Por globalização, entende-se o livre fluxo de mercadorias e de capitais em escala global. Já a regionalização, é a aproximação, cooperação e integração de países no âmbito regional, com a intenção de se impulsionar o comércio e a circulação de bens, pessoas e capitais entre fronteiras. Portanto, a globalização atua em um plano “macroespacial” e a regionalização no “microespaço”. Além disso, a regionalização é, ao mesmo tempo, causa e conseqüência da globalização.
Ressalte-se que a globalização surgiu com intensidade no século passado, a partir do pós-guerra, no entanto, suas raízes podem ser reconhecidas no século anterior, especificadamente na segunda metade do século XIX, na chamada “Idade de Ouro do Liberalismo”.
Os passos decisivos que possibilitaram a emergência da globalização foram dados com a Revolução Industrial, no século XVIII, e com a disseminação do liberalismo pelos Estados europeus. A partir daí, os motores que movimentariam a globalização estavam estabelecidos. De um lado, a Revolução Industrial trouxe a inovação técnica, a produção em escala, com a introdução das máquinas, a urbanização, o desenvolvimento das manufaturas e a transformação dos meios de circulação, resultado da invenção da ferrovia e do motor a vapor. De outro lado, o liberalismo promoveu a abertura das fronteiras, imposta ou espontânea, dos países para a livre circulação de bens e de capitais. A conjugação de maior mobilidade e de liberação do comércio, criaram as condições para o florescimento da “Idade de Ouro do Liberalismo”, entre 1850 e 1870.

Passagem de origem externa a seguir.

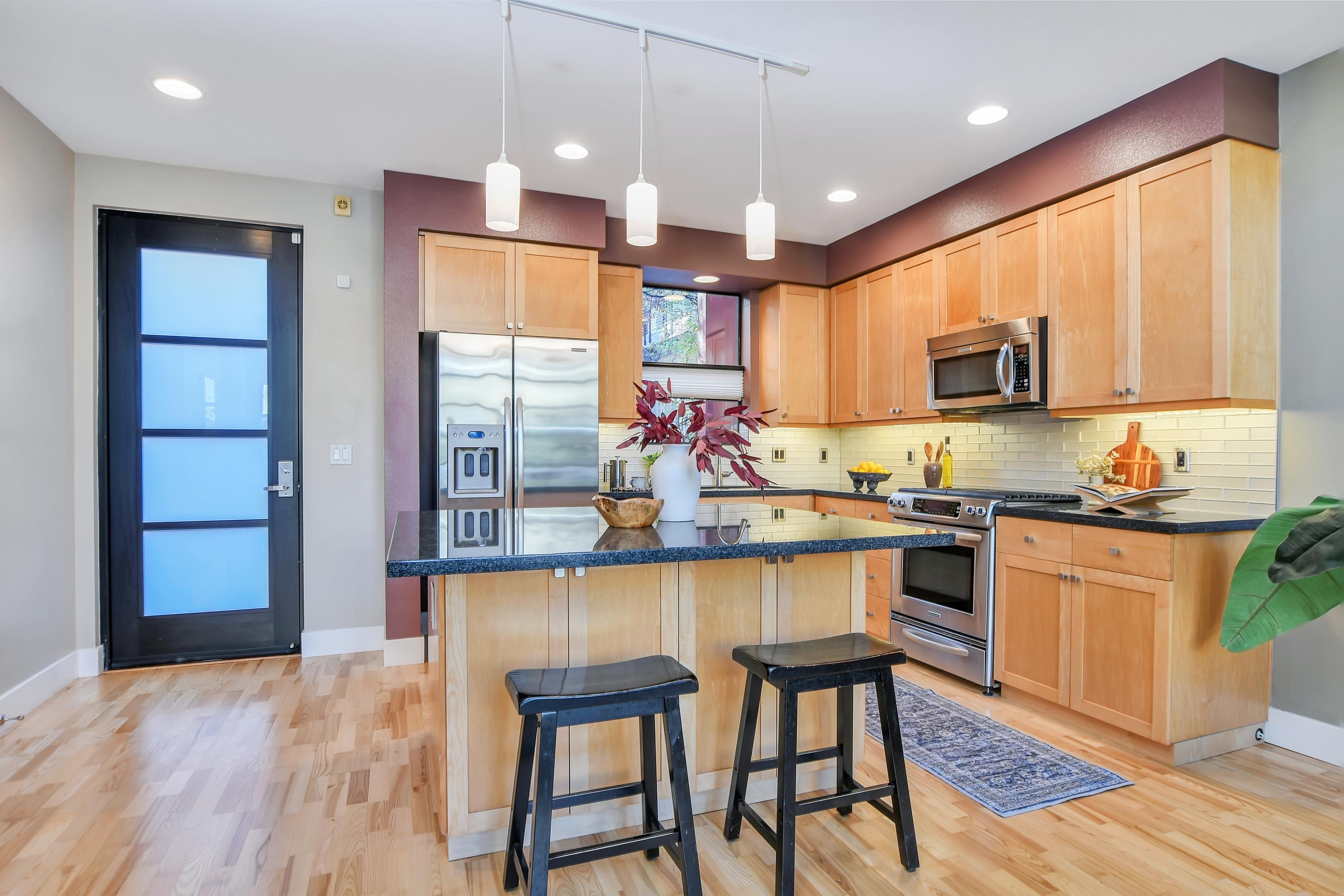 Detail Gallery Image 3 of 25 For 350 E Mission St #108,  San Jose,  CA 95112 - 1 Beds | 1/1 Baths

Contudo, no século XX, duas guerras mundiais, intercaladas por uma grande depressão, interromperam o ciclo de crescimento – já abalado pela depressão da década de 1870 que levou a uma corrida protecionista e elevação de tarifas aduaneiras –, retomado a partir de 1950, com a reconstrução da Europa devastada pela guerra, a diminuição relativa das tarifas de importação, o aparecimento de novos países industrializados, União Soviética e Japão, que abriram caminho para um período de contínuo crescimento econômico, a chamada “Idade de Ouro do Capitalismo”.
Importante destacar o aumento do comércio entre fronteiras que, em função, dentre outros, da complementaridade das cadeias produtivas, da divisão internacional do trabalho e da vantagem comparativa, levou ao aumento da interdependência entre os países que, por sua vez, diminuiu o apoio interno às guerras, na medida em que estas resultam em diminuição do comércio, aumento dos gastos militares, redução do parque fabril e contração econômica. Então, a lógica do econômico suplanta a lógica da guerra e os Estados deixam de utilizá-la como instrumento de política nacional e passam a usar seu peso econômico como elemento de pressão a outros países.

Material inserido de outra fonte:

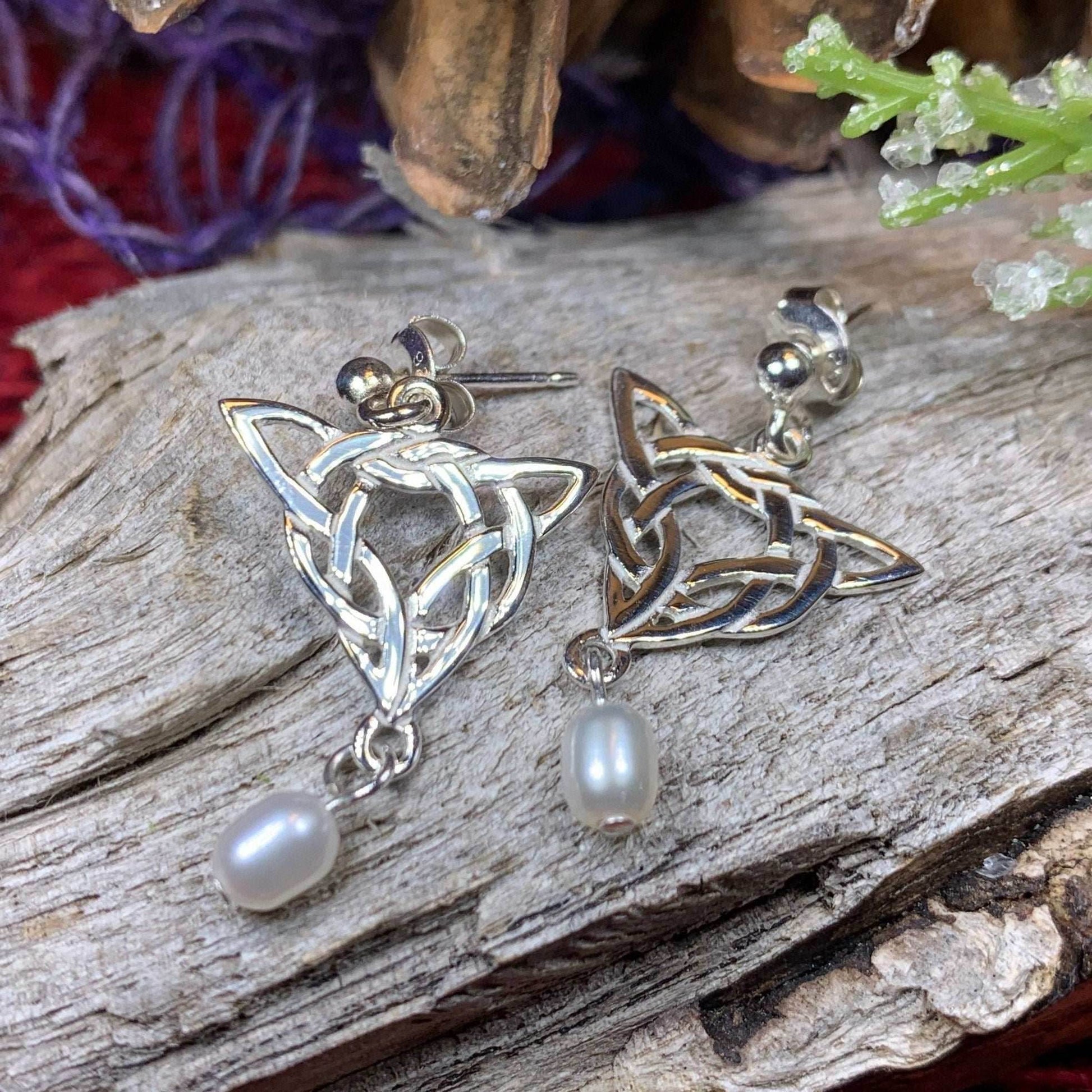 Averie Celtic Knot Earrings -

Ressalte-se que a globalização restringe-se ainda ao fator econômico, ou seja, às trocas comerciais e ao movimento de capitais transfonteiriços. O livre fluxo de pessoas entre países ainda é uma utopia, sendo realidade somente em escala regional e só plenamente exercido na União Européia.
O aumento da cooperação entre Estados é resultado da consciência de que existem temas de ordem global que interessam a todos indistintamente e, portanto, necessitam de uma solução conjunta. Ademais, com o fim do regime comunista e o conseqüente triunfo do capitalismo, certos valores ocidentais tornaram-se universais, como, por exemplo, o respeito aos direitos humanos, a democracia e a preservação do meio ambiente.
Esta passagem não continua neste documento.